PROBLEM STATEMENT =>
The lines to output run from the first line of the entries below through the line containing "Bracciale da tennis"; copy them exactly and leave out pictures.

EXERCISE DATA =>

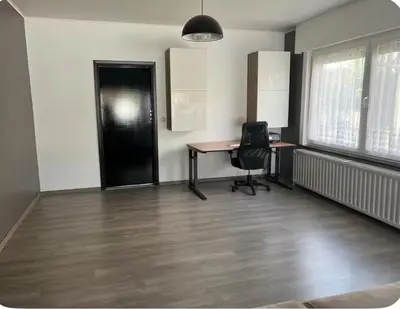 an empty office with a desk and a chair at Dar Laila in Vilvoorde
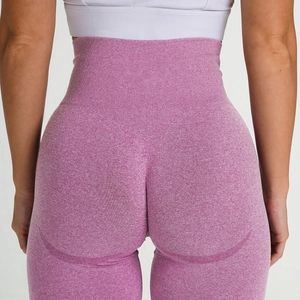 Detail of high waist seamless yoga pants with butt-lifting curved seams and purple texture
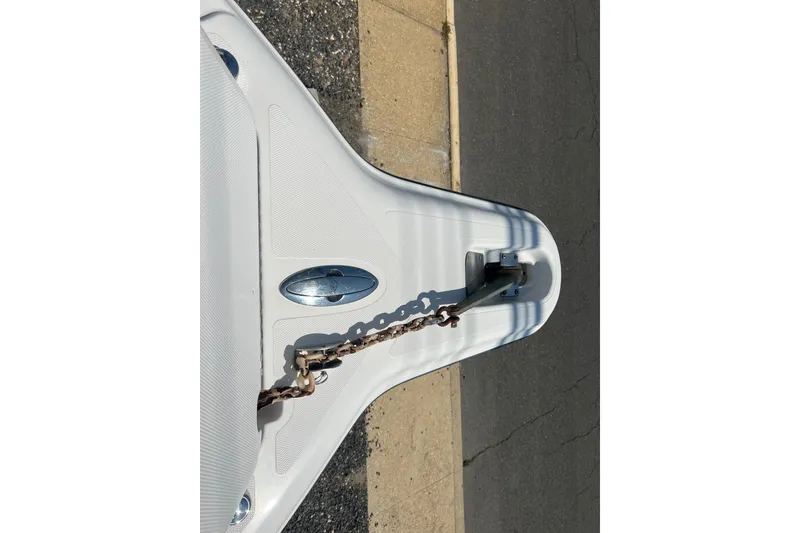 Slide: The Image of Bow of a 2002 Triton 2895 CC boat with anchor chain on pavement. - 7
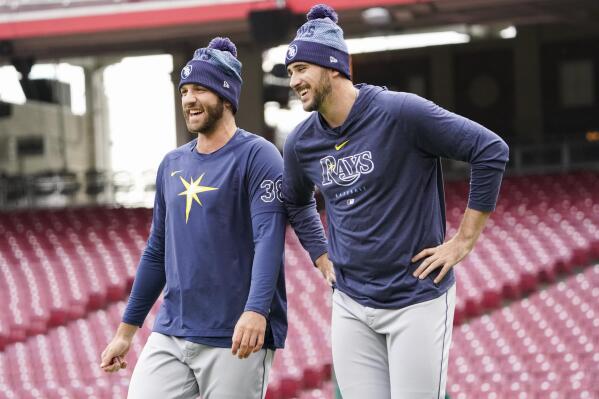 Tampa Bay Rays pitchers Colin Poche, left, and Jeffrey Springs, right, laugh during batting practice before a baseball game against the Cincinnati Reds, Monday, April 17, 2023, in Cincinnati. (AP Photo/Joshua A. Bickel)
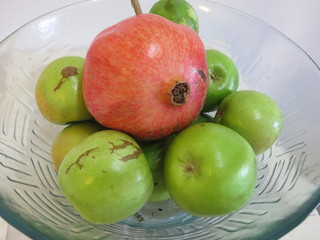 Bowl with apples and pomegranate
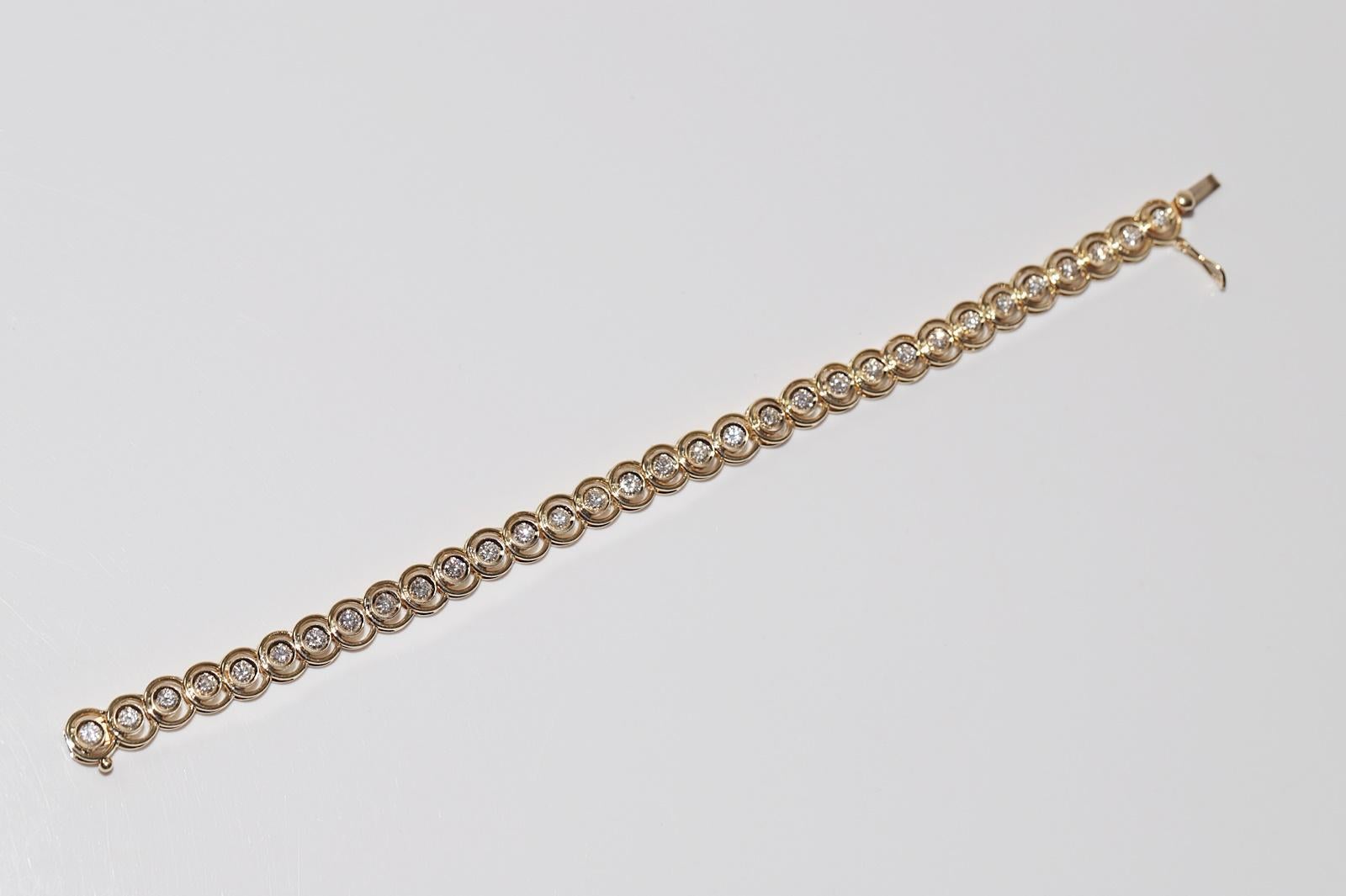 Bracciale da tennis decorato con diamanti naturali in oro 18 ct. d'epoca CIRCA 1980 in vendita 9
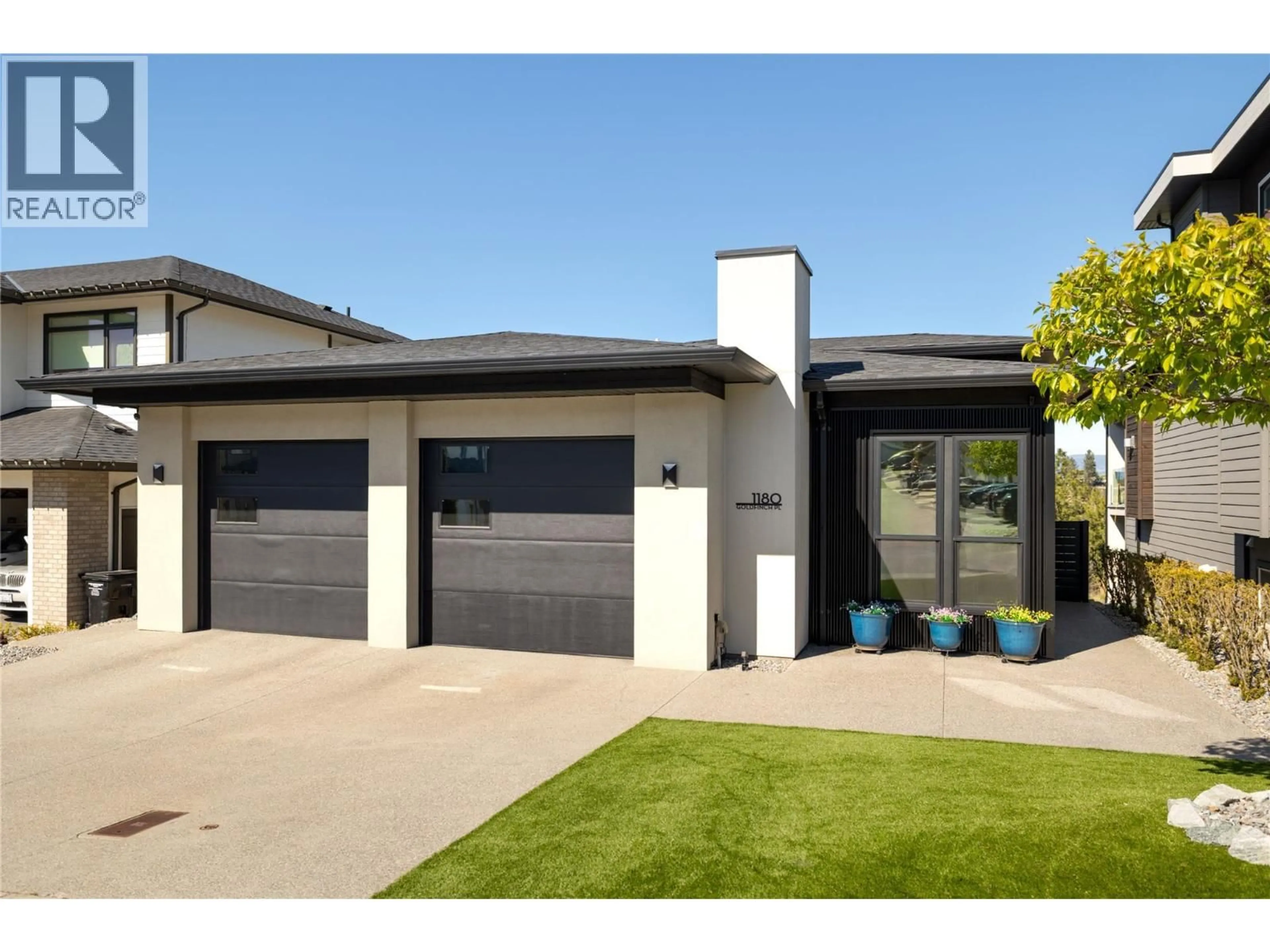 Home with brick exterior material, street for 1180 GOLDFINCH PLACE, Kelowna British Columbia V1W5M1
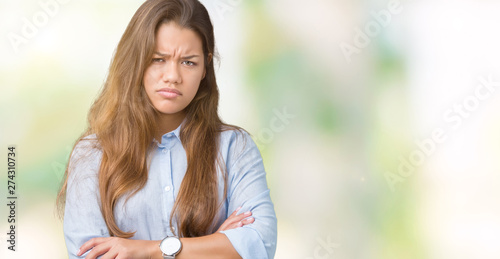 Young beautiful brunette business woman over isolated background skeptic and nervous, disapproving expression on face with crossed arms. Negative person. © Krakenimages.com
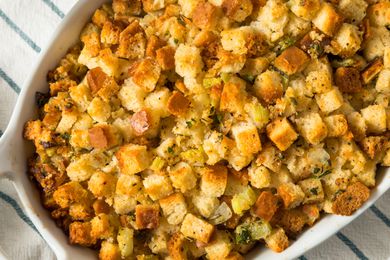 A white baking dish with stuffing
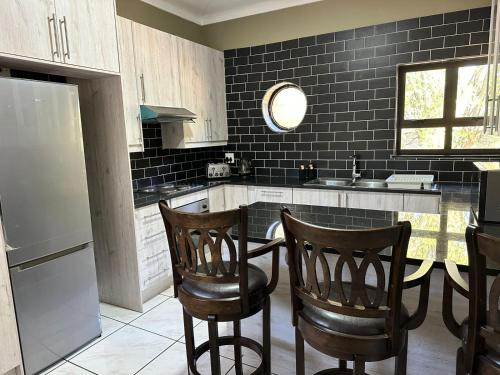 a kitchen with two chairs and a counter with a sink at Beautiful Home in Houghton in Johannesburg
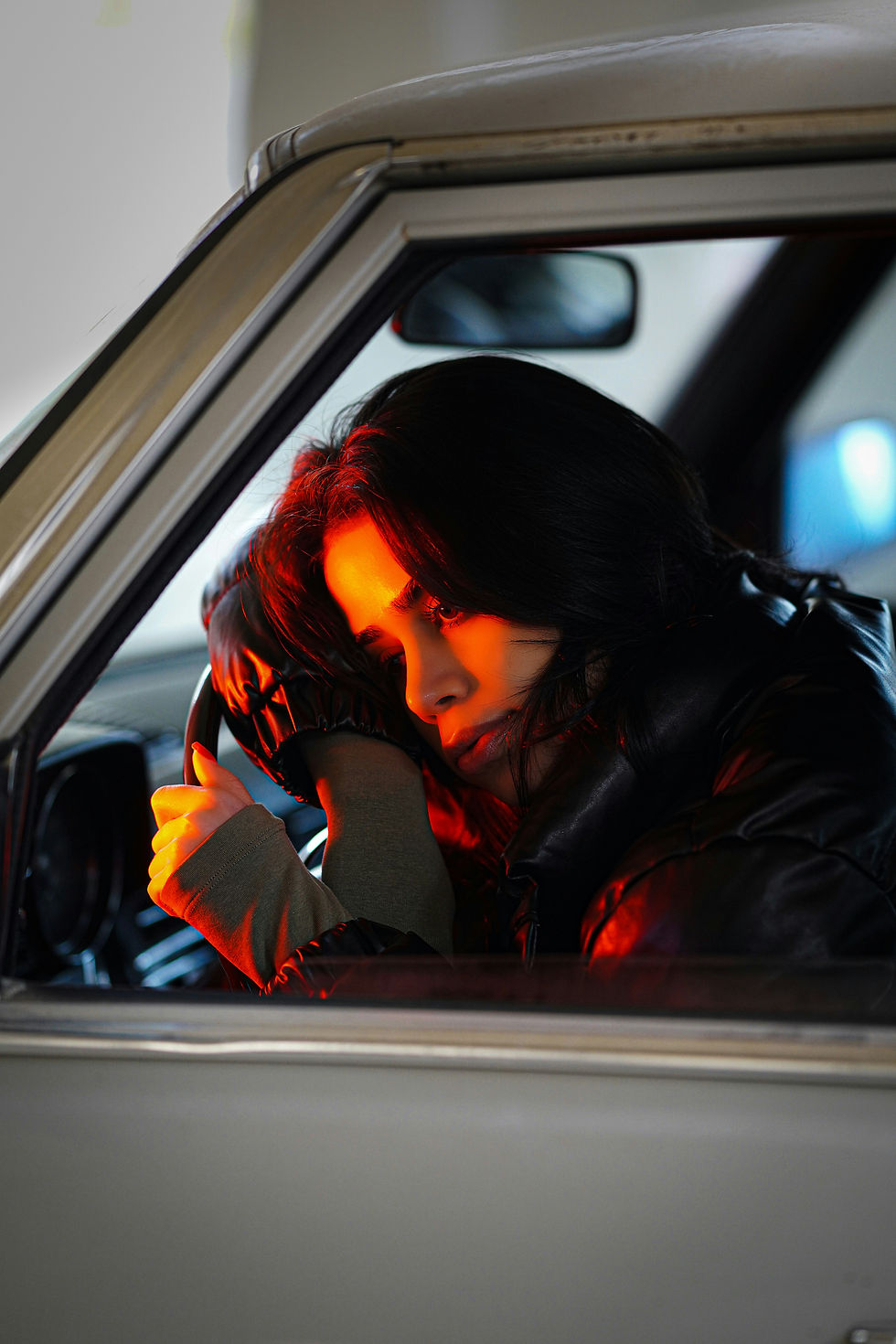 A woman in her car laying on the steering wheel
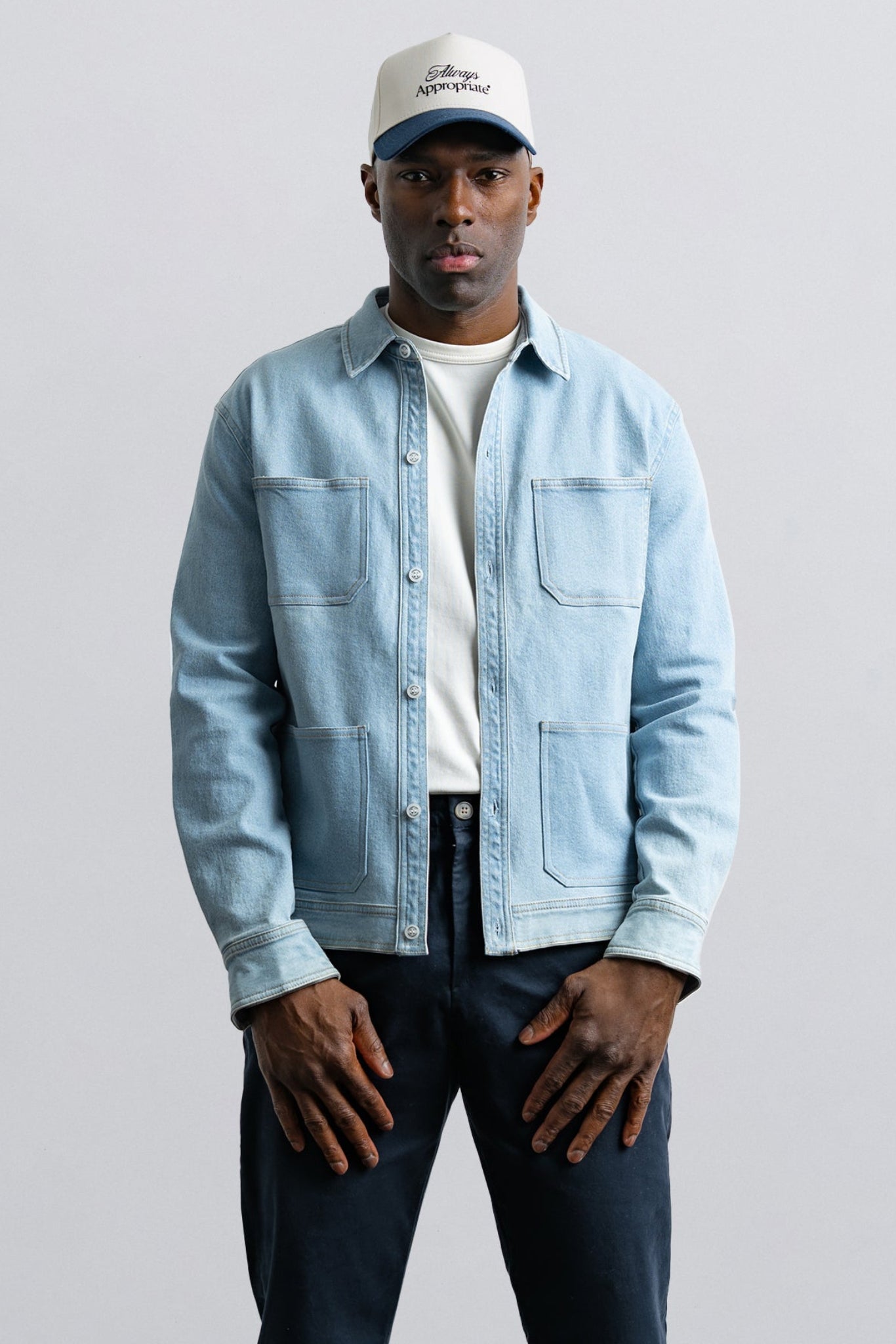 Man wearing a light blue denim jacket, white shirt, dark pants, and a white cap on a gray background
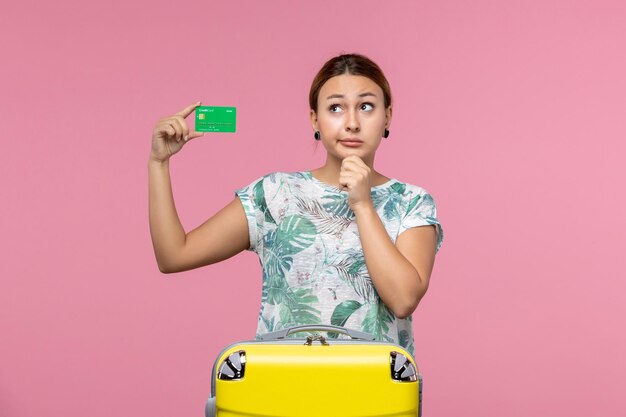 Front view young woman holding green bank card on vacation thinking on pink wall voyage vacation trip summer rest woman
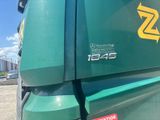 a green truck with a yellow z logo on the side
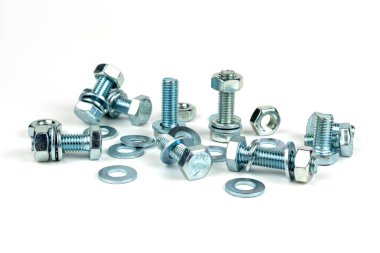 Beyaz arka planda vidaları ve fındıkları olan birkaç metal cıvata. yakın plan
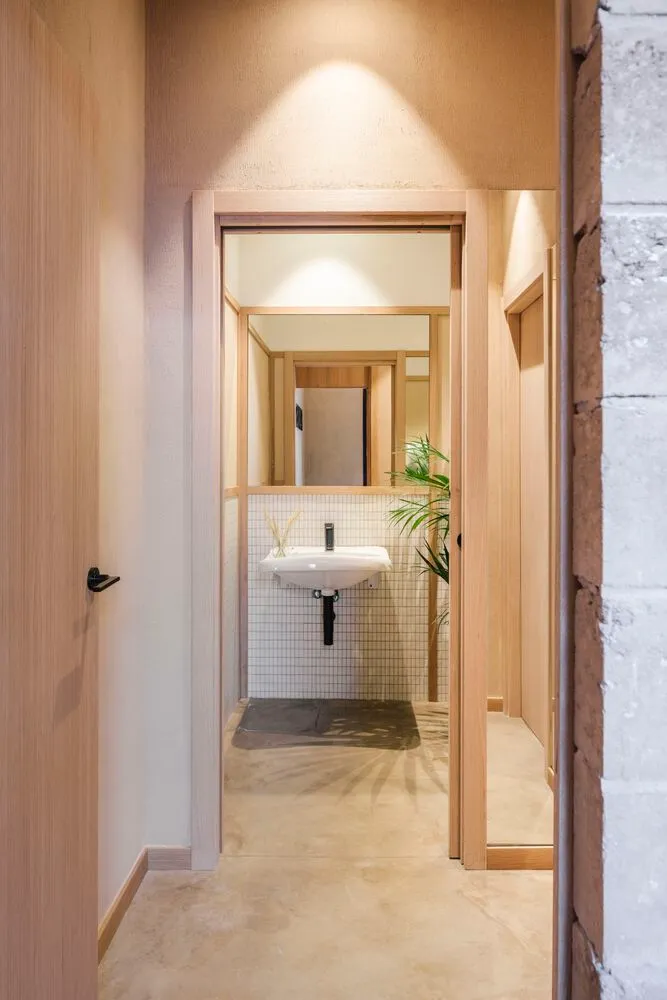 Bathroom with two sinks, wooden walls, and a tiled floor, lit by natural light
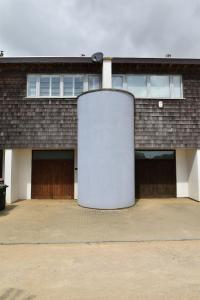 a brick building with a cylindrical object in front of it at Les Dunes in Camber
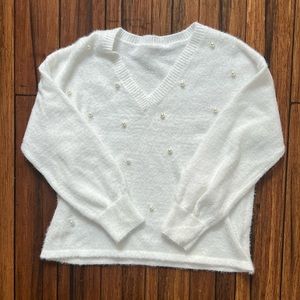 pearl adorned v-neck sweater. 🤍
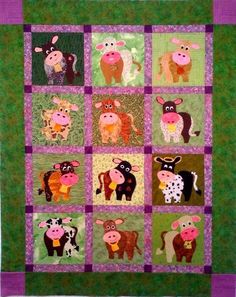 a quilted wall hanging with farm animals on it's sides and purple trim around the edges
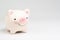 Smile pink piggy bank on white background with copy space using as happy saving and investment or positive economic and finance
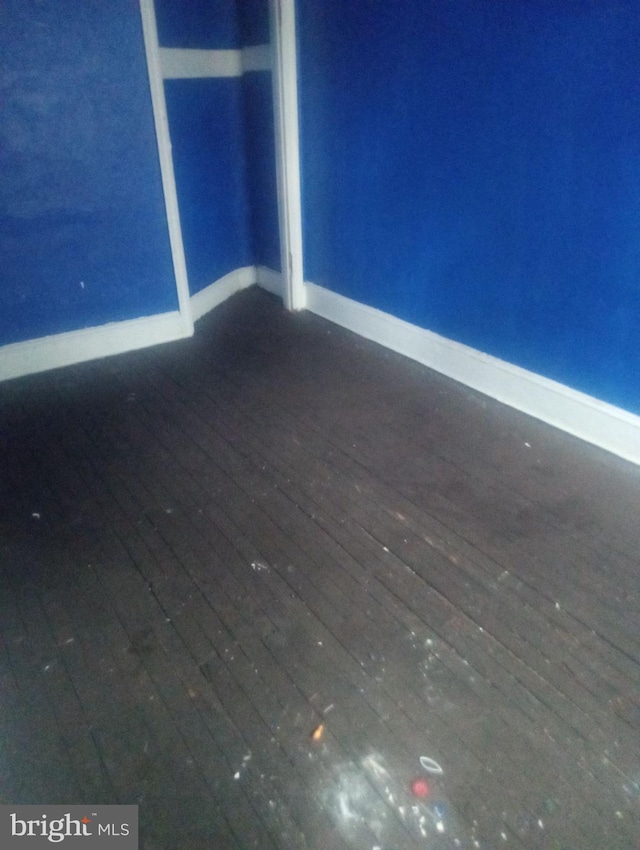 spare room with dark hardwood / wood-style floors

RESULT OF THE TASK =>
 an empty office with a desk and a chair at Dar Laila in Vilvoorde
 Detail of high waist seamless yoga pants with butt-lifting curved seams and purple texture
 Slide: The Image of Bow of a 2002 Triton 2895 CC boat with anchor chain on pavement. - 7
 Tampa Bay Rays pitchers Colin Poche, left, and Jeffrey Springs, right, laugh during batting practice before a baseball game against the Cincinnati Reds, Monday, April 17, 2023, in Cincinnati. (AP Photo/Joshua A. Bickel)
 Bowl with apples and pomegranate
 Bracciale da tennis decorato con diamanti naturali in oro 18 ct. d'epoca CIRCA 1980 in vendita 9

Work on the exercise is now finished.